(Short descriptive text snippets)
■ ■ ■ ■ ■ ■ ■

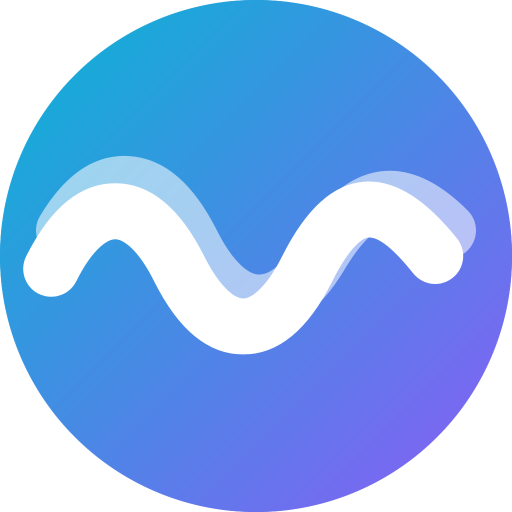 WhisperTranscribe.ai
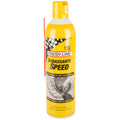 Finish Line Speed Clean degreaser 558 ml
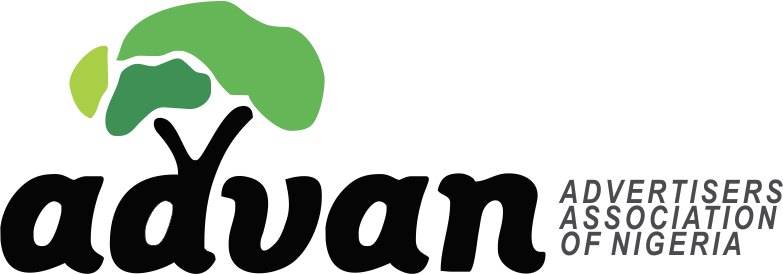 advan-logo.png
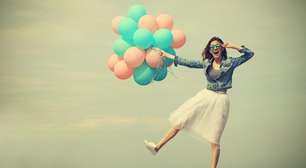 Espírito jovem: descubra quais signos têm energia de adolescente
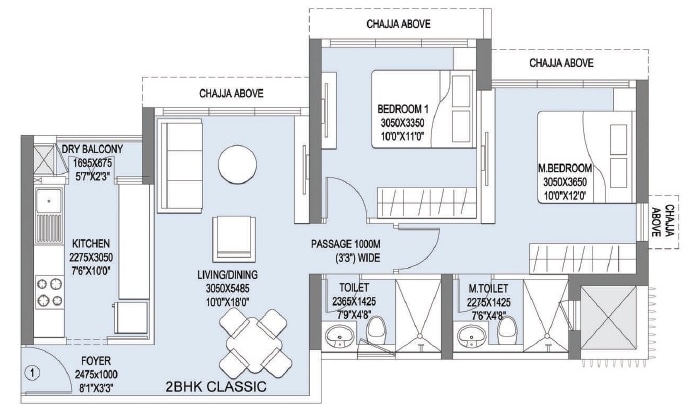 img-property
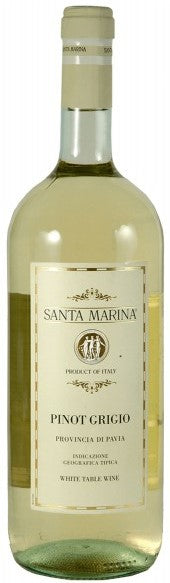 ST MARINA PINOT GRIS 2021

■ ■ ■ ■ ■ ■ ■

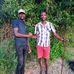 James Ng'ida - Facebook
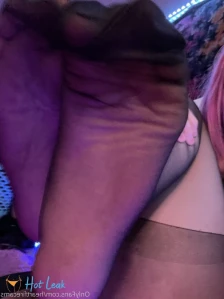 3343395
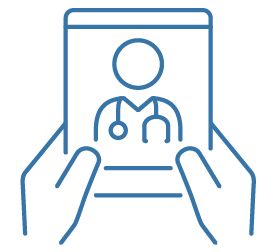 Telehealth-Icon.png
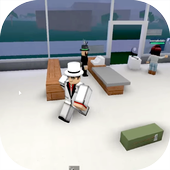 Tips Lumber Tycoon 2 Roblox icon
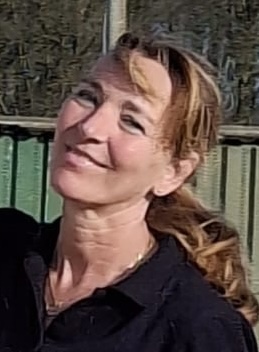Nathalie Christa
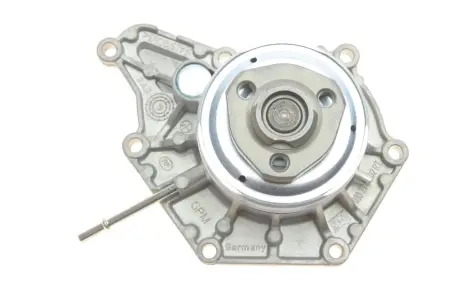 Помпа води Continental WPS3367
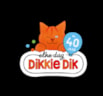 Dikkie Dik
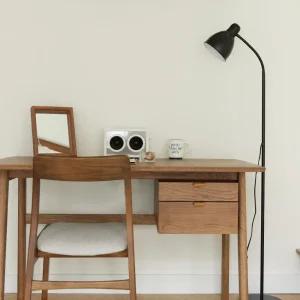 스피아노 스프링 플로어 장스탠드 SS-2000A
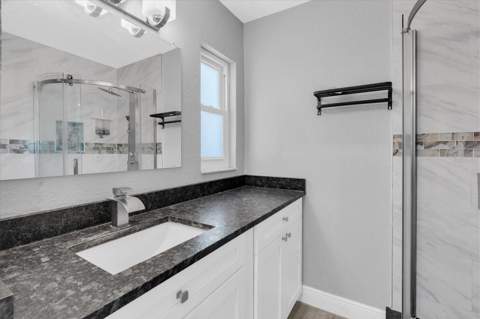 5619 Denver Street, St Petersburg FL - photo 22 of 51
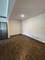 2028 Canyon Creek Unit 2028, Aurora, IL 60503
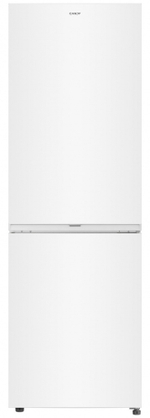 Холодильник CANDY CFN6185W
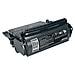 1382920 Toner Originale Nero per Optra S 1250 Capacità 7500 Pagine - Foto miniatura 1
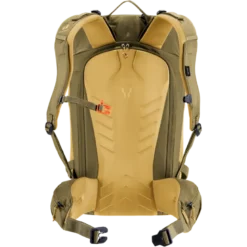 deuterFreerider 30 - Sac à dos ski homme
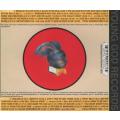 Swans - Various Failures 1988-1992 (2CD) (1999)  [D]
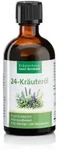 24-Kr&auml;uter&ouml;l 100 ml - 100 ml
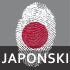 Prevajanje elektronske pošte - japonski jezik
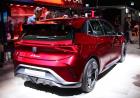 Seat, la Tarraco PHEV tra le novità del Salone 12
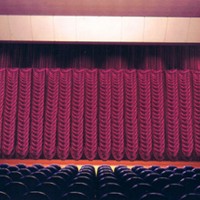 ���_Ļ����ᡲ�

■ ■ ■ ■ ■ ■ ■

_Problem statement_
Above are entries with pictures among them. Write out exactly the lines from the one containing "WhisperTranscribe.ai" through the one containing "ST MARINA PINOT GRIS 2021", ends included, and leave those pictures out.

_Expected output_
 WhisperTranscribe.ai
 Finish Line Speed Clean degreaser 558 ml
 advan-logo.png
 Espírito jovem: descubra quais signos têm energia de adolescente
 img-property
 ST MARINA PINOT GRIS 2021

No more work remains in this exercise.